Each month I flew to Los Angeles to be with Dad. I knew the trips were beyond our means, but I was pretty sure I wouldn’t think, “What a waste of money to spend time with my father this past year.” He died in mid-2006.
Fortunately for us — we thought — housing values kept climbing and credit was cheap. It took no more than a phone call to get an interest-only home equity loan for which we probably didn’t qualify, given that I had just lost my job, and three-quarters of our income.
No matter. Our house was appraised at $400,000-plus, so it made perfect sense to refinance. Or so we thought.
About then, all those balls we’d been keeping in the air started falling on our heads. The real estate market collapsed and our $400,000-plus house became a $200,000-minus house, leaving a mortgage payment that today sucks up more than 40 percent of our take-home pay.
After six months out of work, I was offered a full-time position at Florida International University, where I had been an adjunct. And while I love teaching, it meant a $25,000 pay cut.

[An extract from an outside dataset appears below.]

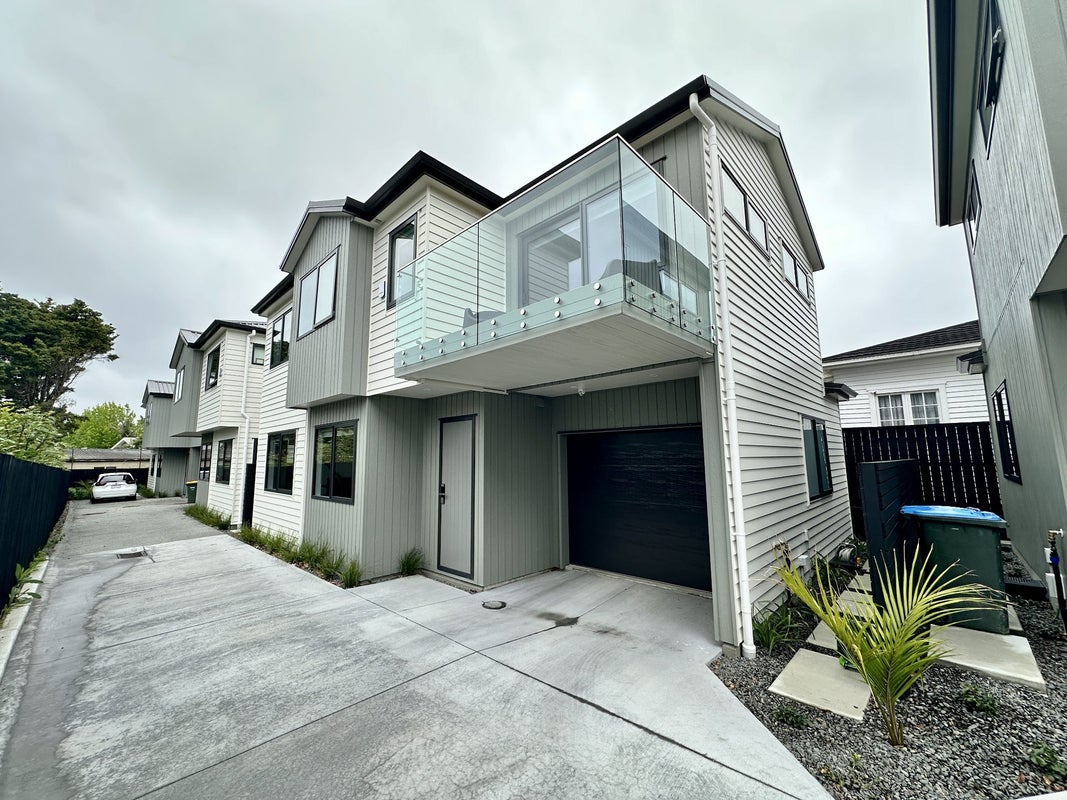 3 Manor Place, Point Chevalier, Auckland - Carousel 11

Ruth was laid off from her job at the Jewish school’s library. Within days, she got a social work job, but by then the economy was plunging and she was soon out of work once more. Not until mid-2011 did she find her current job working with impoverished Holocaust survivors. It’s fulfilling work, but it’s also $6,000 less a year than she had been making.
Desperate, we borrowed what we could from our life insurance policies to stay afloat, but it wasn’t enough.
Then, five months ago, the process server turned up in our driveway.
How long it will still be our driveway is hard to say.
The house is probably lost, though we continue to negotiate for a mortgage modification and have retained a lawyer.
Our credit score has plummeted and we’re contemplating bankruptcy.
We eat at home and have become expert at making soup out of leftovers. We borrow movies and books from the library instead of paying $10 for a ticket at theaters.
Thrift stores have become Ruth and the girls’ go-to haberdashers, and I’m clothed for a year with a couple of pairs of jeans and a growing collection of 50-cent, garage-sale Hawaiian shirts.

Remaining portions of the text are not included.